C: void cvCalcOpticalFlowHS(const CvArr* prev, const CvArr* curr, int use_previous, CvArr* velx, CvArr* vely, double lambda, CvTermCriteria criteria)
Python: cv.CalcOpticalFlowHS(prev, curr, usePrevious, velx, vely, lambda, criteria) → None
Parameters:
  • prev – First image, 8-bit, single-channel
  • curr – Second image, 8-bit, single-channel
  • use_previous – Flag that specifies whether to use the input velocity as initial approximations or not.
  • velx – Horizontal component of the optical flow of the same size as input images, 32-bit floating-point, single-channel
  • vely – Vertical component of the optical flow of the same size as input images, 32-bit floating-point, single-channel
  • lambda – Smoothness weight. The larger it is, the smoother optical flow map you get.
  • criteria – Criteria of termination of velocity computing

The function computes the flow for every pixel of the first input image using the Horn and Schunck algorithm [Horn81]. The function is obsolete. To track sparse features, use calcOpticalFlowPyrLK(). To track all the pixels, use calcOpticalFlowFarneback().

CalcOpticalFlowLK

Calculates the optical flow for two images using Lucas-Kanade algorithm.

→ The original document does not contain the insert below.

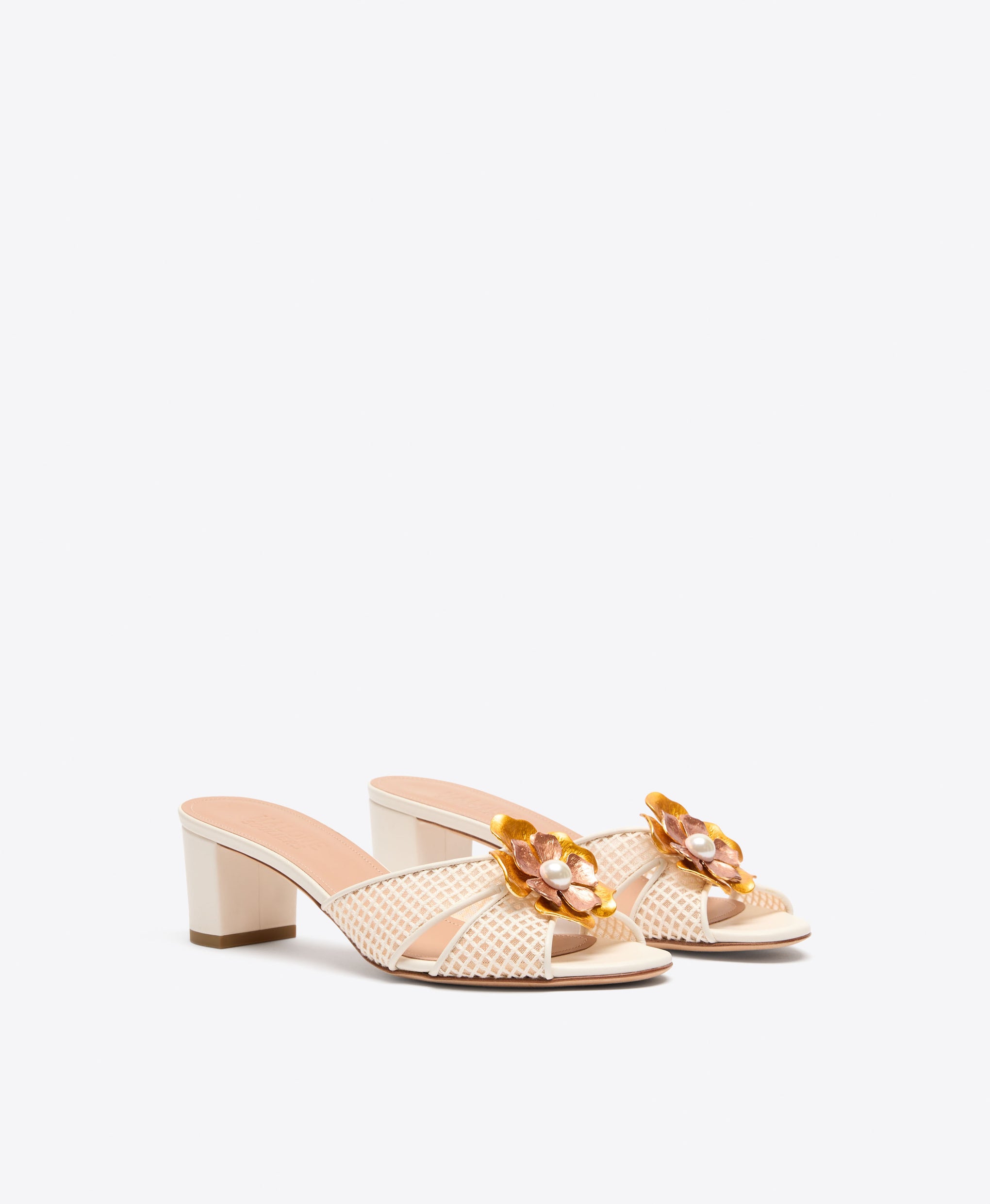 Suri 45 White Square Mesh Kitten Heel Sandals with Metal Flower Ornament Malone Souliers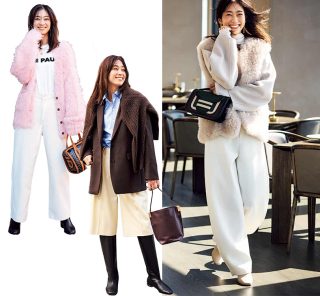 カジュアルだけどしっかり華やぐ【大人の白パンツコーデ】４選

C: void cvCalcOpticalFlowLK(const CvArr* prev, const CvArr* curr, CvSize win_size, CvArr* velx, CvArr* vely)
Python: cv.CalcOpticalFlowLK(prev, curr, winSize, velx, vely) → None
Parameters:
  • prev – First image, 8-bit, single-channel
  • curr – Second image, 8-bit, single-channel
  • win_size – Size of the averaging window used for grouping pixels
  • velx – Horizontal component of the optical flow of the same size as input images, 32-bit floating-point, single-channel
  • vely – Vertical component of the optical flow of the same size as input images, 32-bit floating-point, single-channel

The function computes the flow for every pixel of the first input image using the Lucas and Kanade algorithm [Lucas81]. The function is obsolete. To track sparse features, use calcOpticalFlowPyrLK(). To track all the pixels, use calcOpticalFlowFarneback().